[[ Data block, beginning ]]

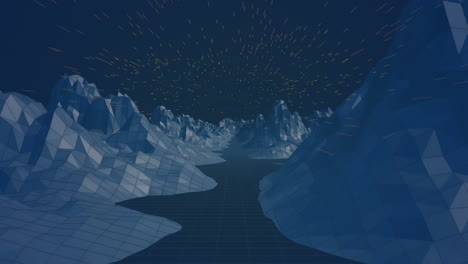 animación del paisaje digital sobre un fondo oscuro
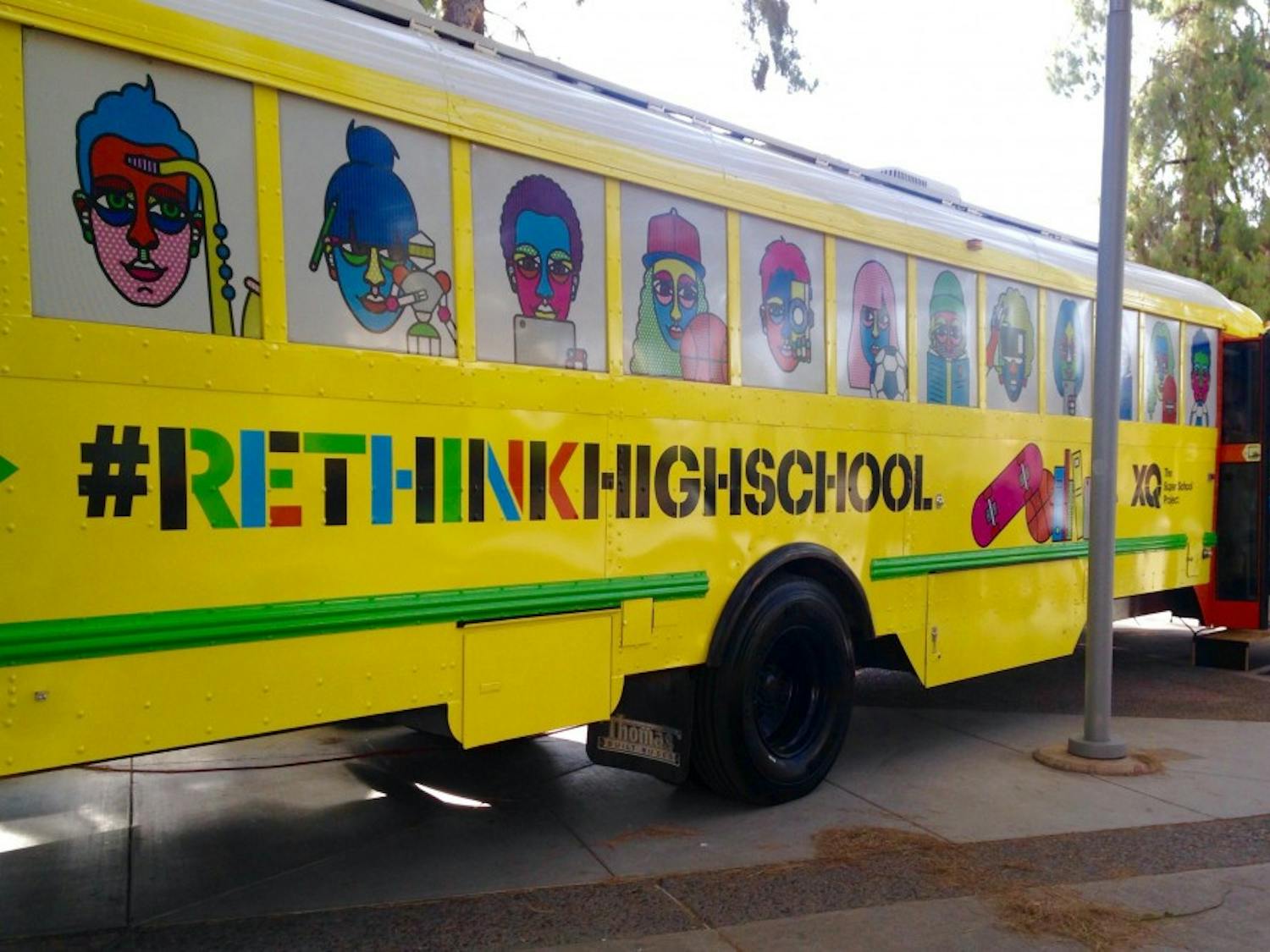 XQ: The Super School project bus is pictured outside of the Memorial Union on the Tempe campus on Monday, April 25, 2016, to advocate for high school education reform.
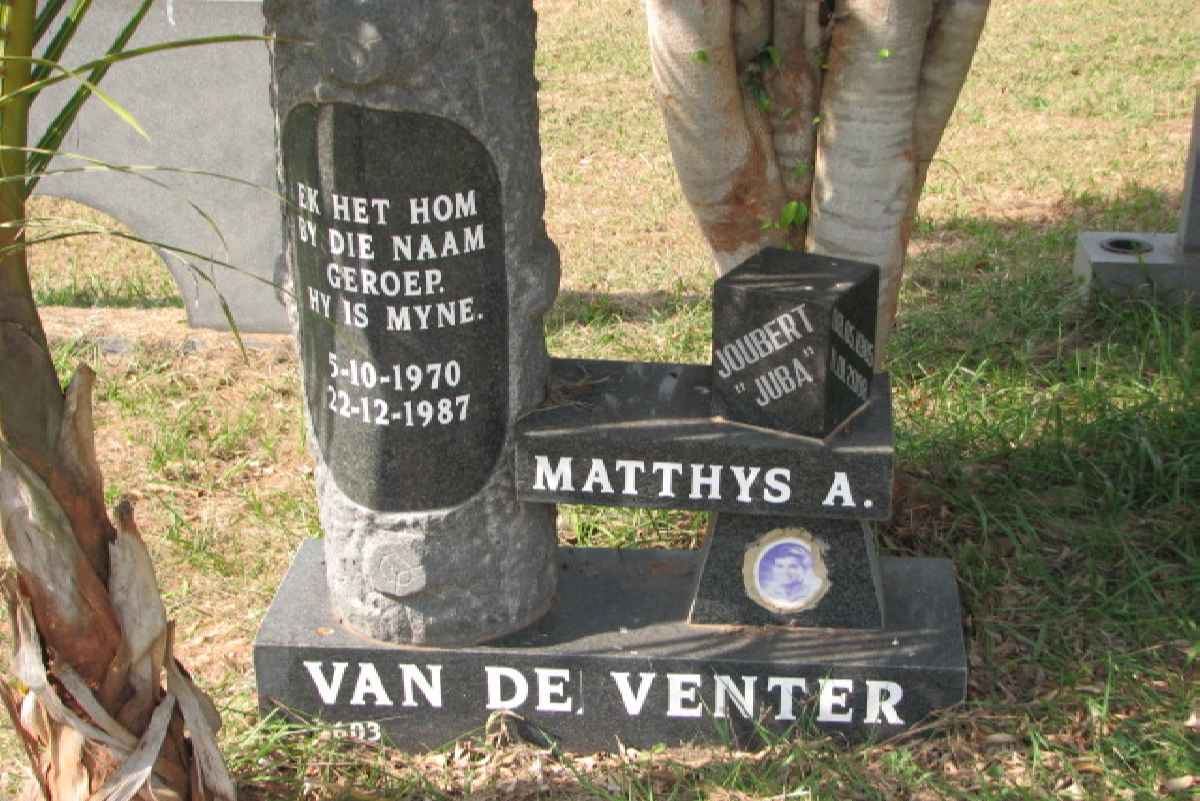 VENTER Matthys A., van de 1970-1987 :: VAN DE VENTER Joubert 19?5-200?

[[ Data block, end ]]

Return all of the material exactly, without pictures.

# Answer for the task:
 animación del paisaje digital sobre un fondo oscuro
 XQ: The Super School project bus is pictured outside of the Memorial Union on the Tempe campus on Monday, April 25, 2016, to advocate for high school education reform.
 VENTER Matthys A., van de 1970-1987 :: VAN DE VENTER Joubert 19?5-200?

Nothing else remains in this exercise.